* _Exercise aim_: The line containing "中式厨房设施 茶壶 茶具 施工图" and every line after it, through the end of the material: copy these exactly and nothing else, leaving pictures out.

Content starts

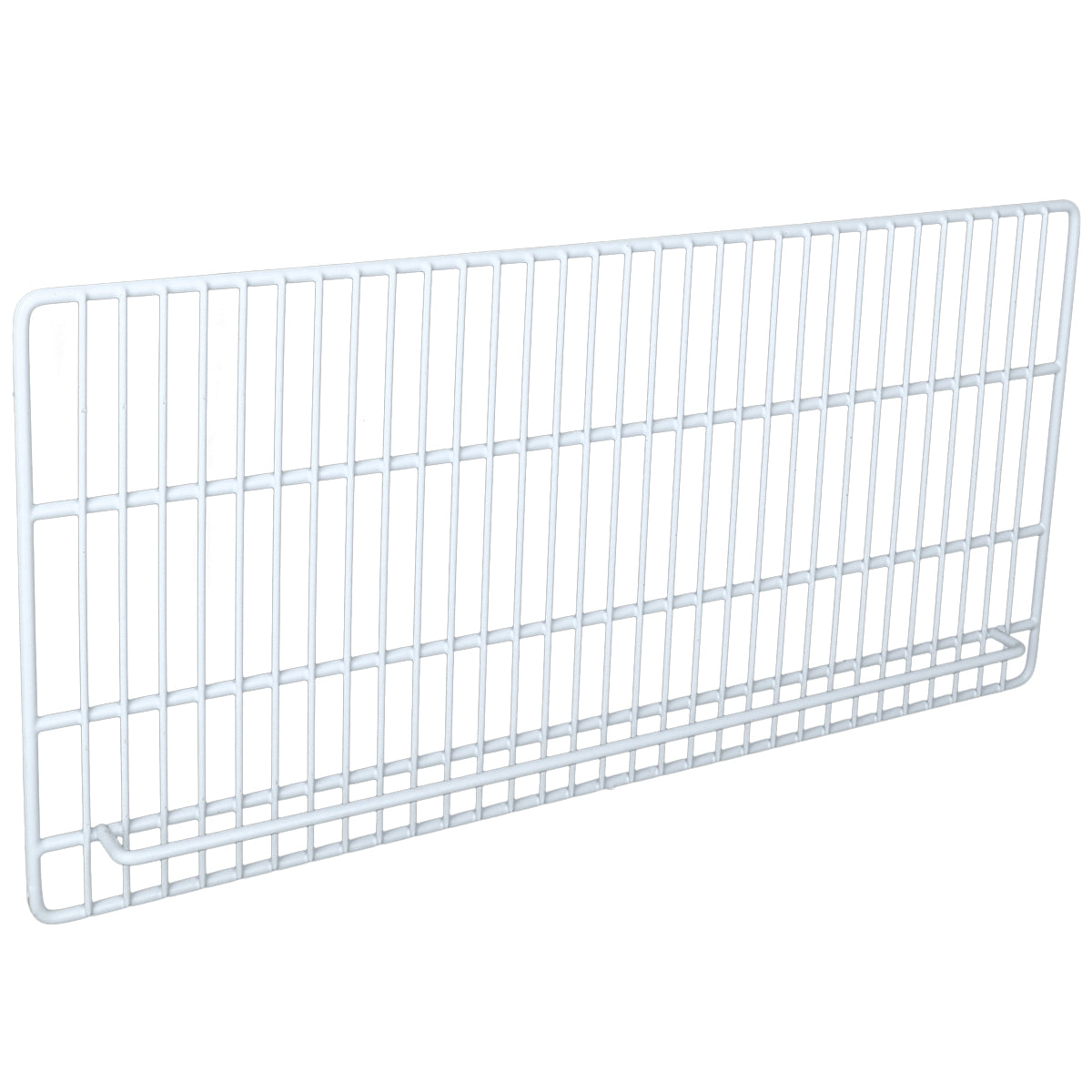 A white, rectangular metal wire bottom shelf with evenly spaced bars, viewed at an angle against a plain background. This open-grid Empura Parts shelf is designed for storage or organization in Empura Refrigeration units.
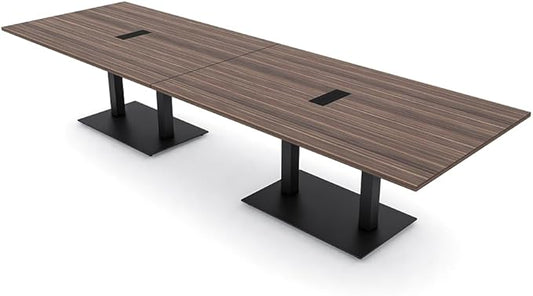 10 Person Rectangle Conference Table with Matte Black Square Metal Base | Harmony Series Modular Meeting Tables for Offices, Conference Rooms, and Homes | Natural Eucalyptus - 10'
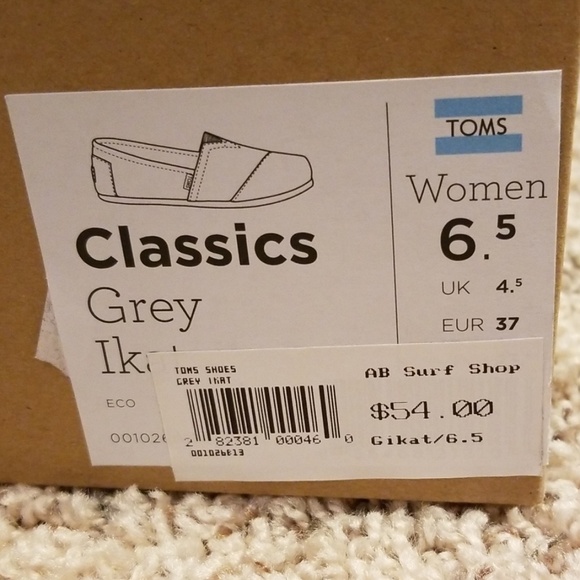 Toms Grey Ikat, size 6.5 - Picture 3 of 3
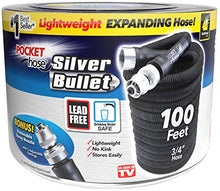 Load image into Gallery viewer, Pocket Hose Original Silver Bullet Water Hose by BulbHead - Expandable Garden Hose That Grows with Lead-Free Aluminum Connectors - Safe Drinking Water Hose (100 Feet)
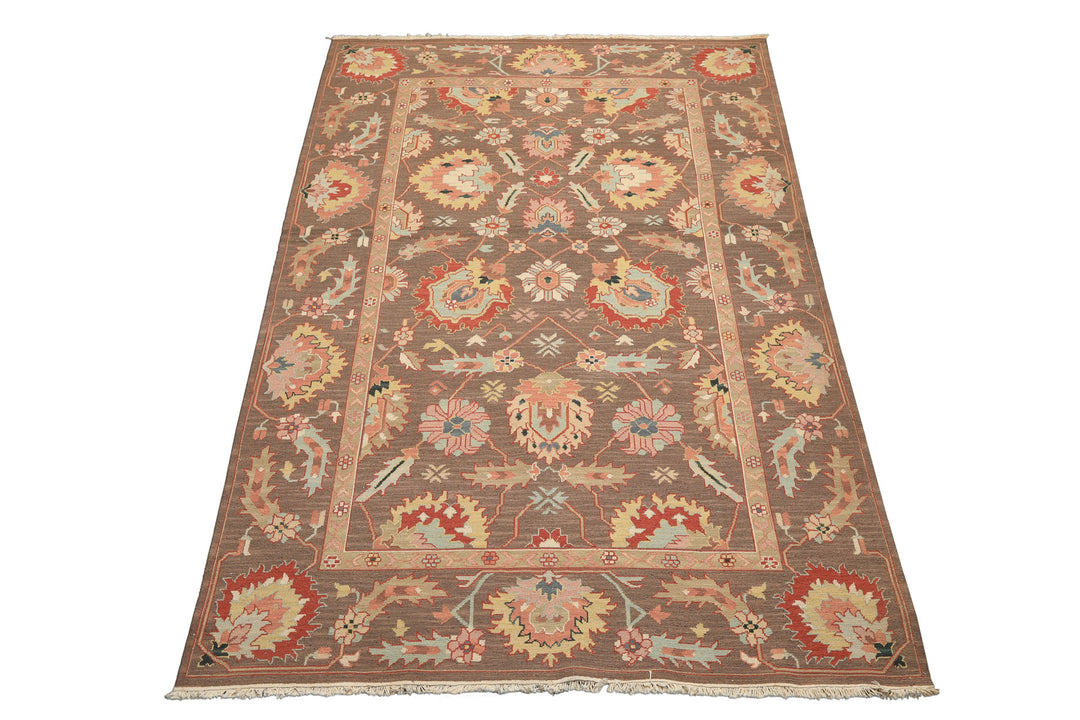 6x9 Mocha, Mint, Blush Color Hand Knotted Nourison Nourmak Soumak Wool & Silk Transitional Oriental Rug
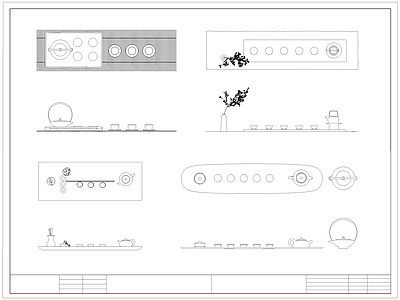 中式厨房设施 茶壶 茶具 施工图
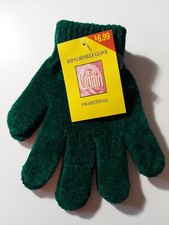 NEW KIDS GREEN CHENILLE STRETCH GLOVES ONE SIZE FITS ALL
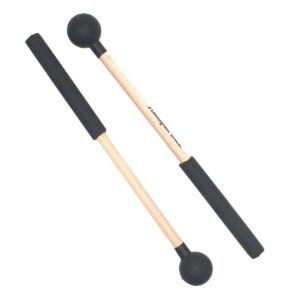 TUOREN 1 Pair Tongue Drum Mallets with Bracket Handpan Drum Sticks Rubber Mallet Percussion Instrument Accessory (Type A)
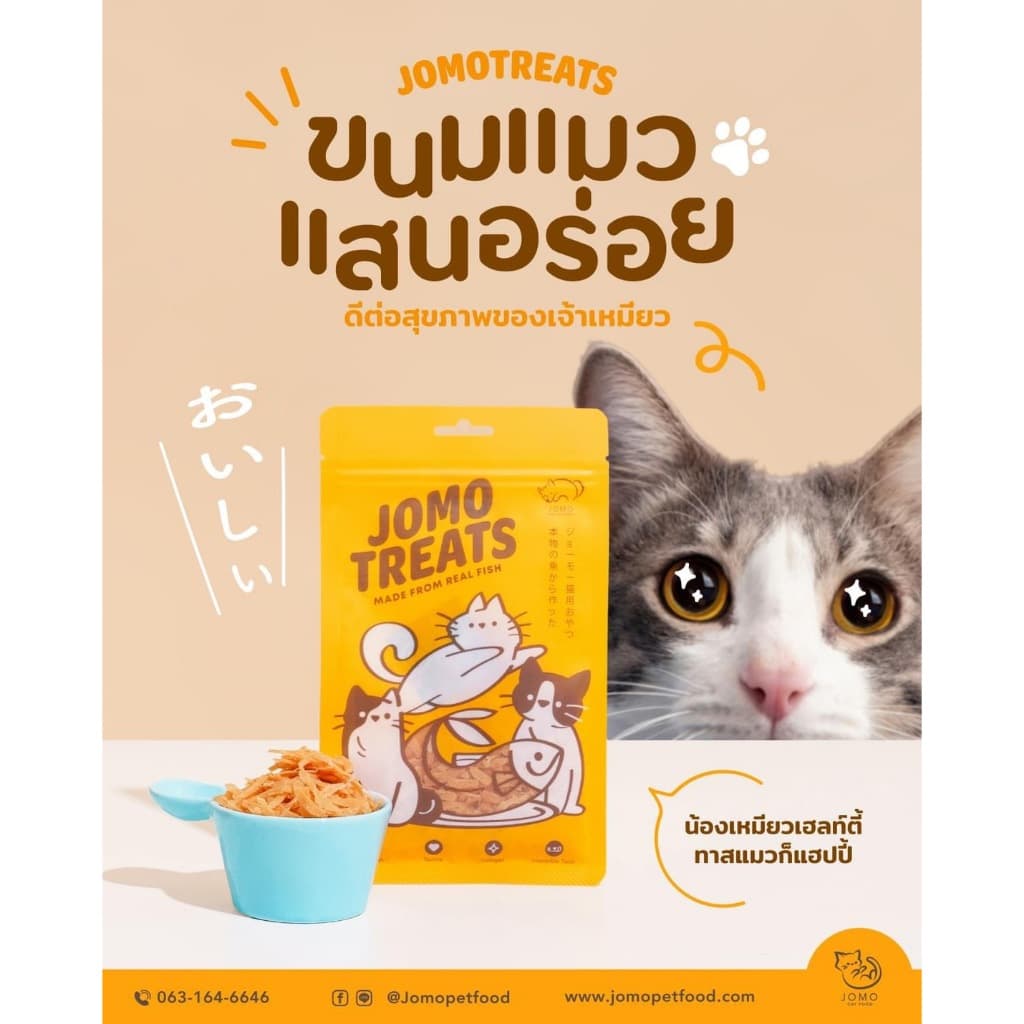 ขนมแมว JOMO Treats มินิแซลมอนและปลาเนื้อขาวสไลด์ ขนาด 25 กรัม 3 ซอง รูปที่ 1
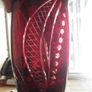 Ruby red cut glass 10 inch vase Image 5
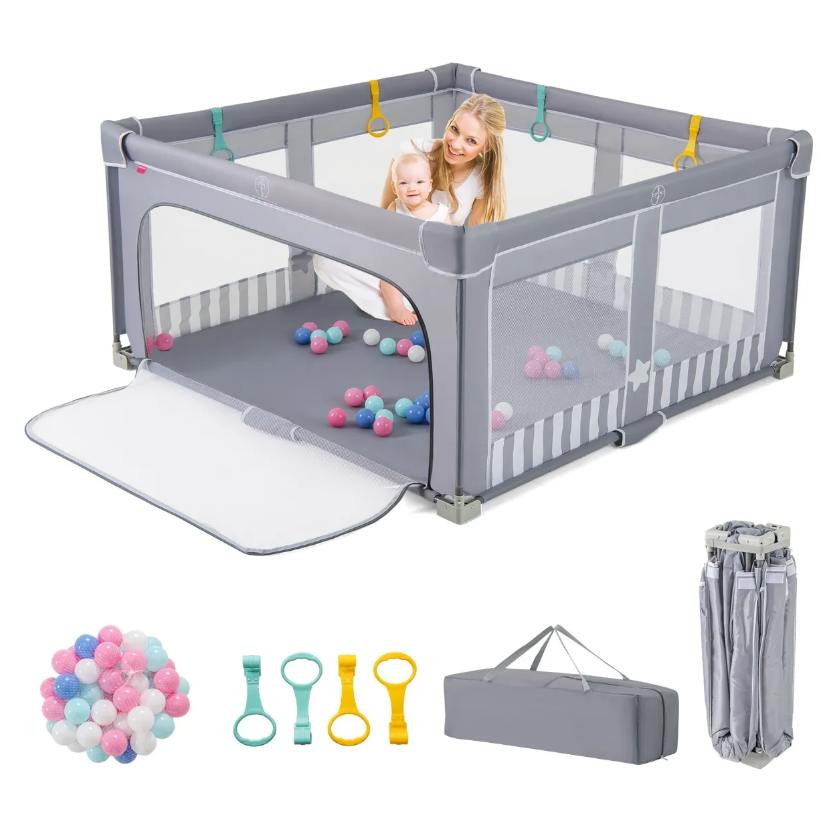 Coast Large Foldable Baby Box 150x150 cm Grau - Sicherer Spielzaun mit Reißverschluss, 50 Seebällen und 4 Heberingen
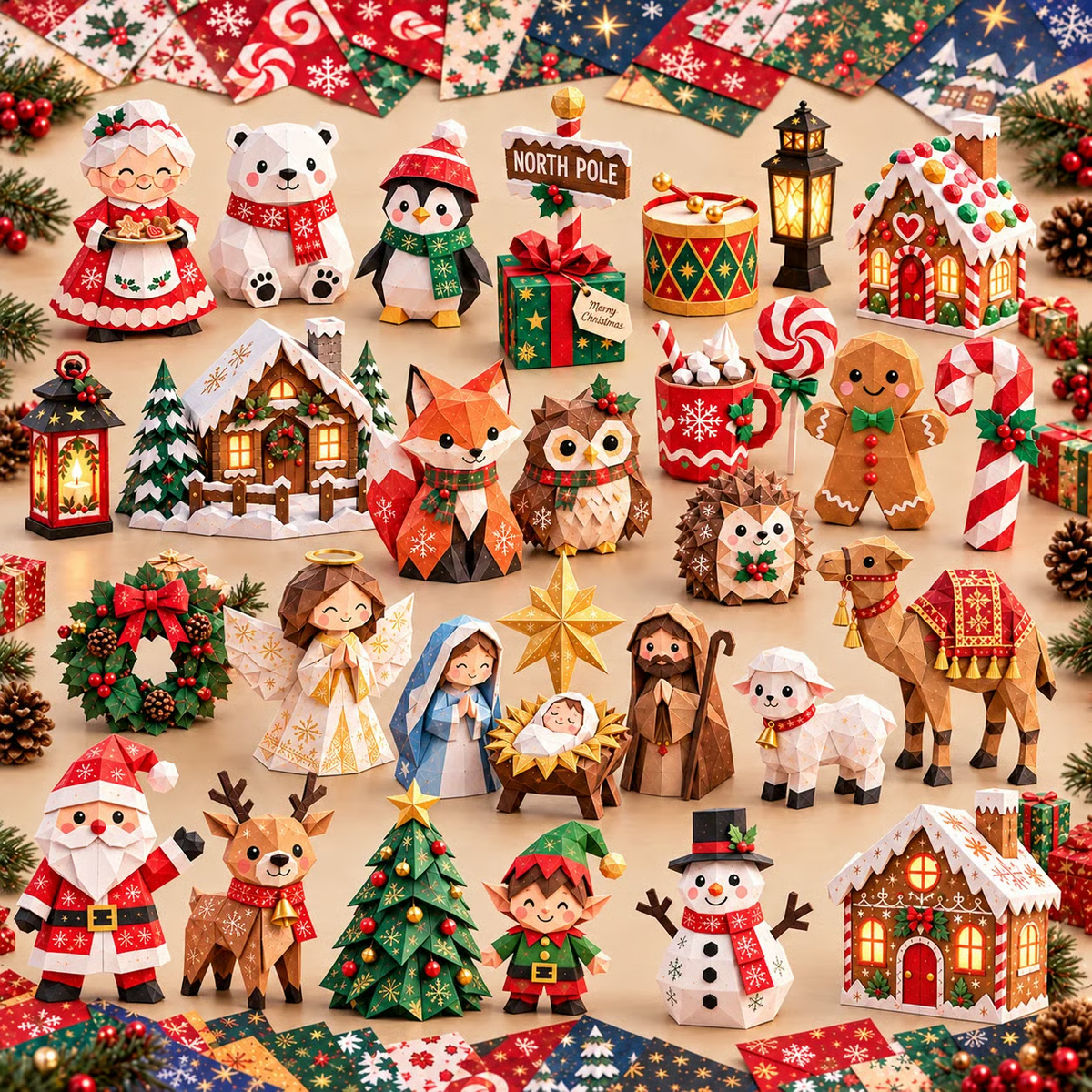 🎄DIY Paper Christmas Craft Kit – 250 Sheets, 5 Festive Themes🌟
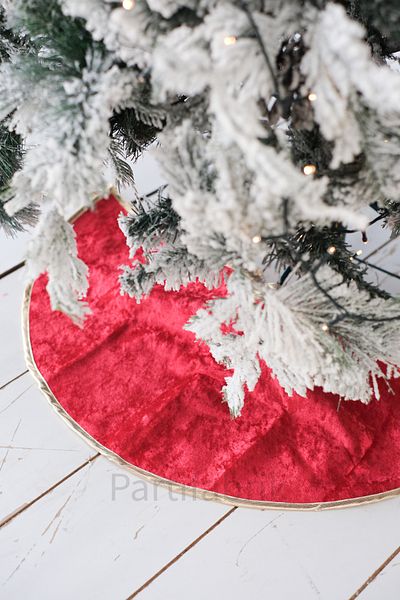 Partifabrik New Year's Luxury Pine Tree Base with Red Gold Piping 1St Classroom Christmas under Tree Blanket Choose Size
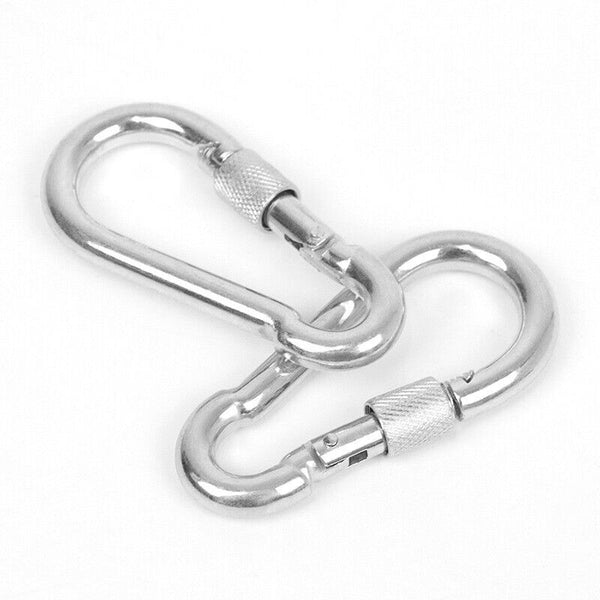 UP 10X 80mmx8mm Carabiner Snap Hook Clip Keyring Camping Climbing Lock Key Ring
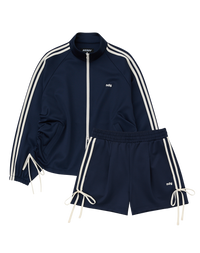 Korean Collection Nerdy 2pcs RIBBON TRACK SHORTS Navy SET (Instock)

Content ends

* _Your response_:
 中式厨房设施 茶壶 茶具 施工图
 NEW KIDS GREEN CHENILLE STRETCH GLOVES ONE SIZE FITS ALL
 TUOREN 1 Pair Tongue Drum Mallets with Bracket Handpan Drum Sticks Rubber Mallet Percussion Instrument Accessory (Type A)
 ขนมแมว JOMO Treats มินิแซลมอนและปลาเนื้อขาวสไลด์ ขนาด 25 กรัม 3 ซอง รูปที่ 1
 Ruby red cut glass 10 inch vase Image 5
 Coast Large Foldable Baby Box 150x150 cm Grau - Sicherer Spielzaun mit Reißverschluss, 50 Seebällen und 4 Heberingen
 🎄DIY Paper Christmas Craft Kit – 250 Sheets, 5 Festive Themes🌟
 Partifabrik New Year's Luxury Pine Tree Base with Red Gold Piping 1St Classroom Christmas under Tree Blanket Choose Size
 UP 10X 80mmx8mm Carabiner Snap Hook Clip Keyring Camping Climbing Lock Key Ring
 Korean Collection Nerdy 2pcs RIBBON TRACK SHORTS Navy SET (Instock)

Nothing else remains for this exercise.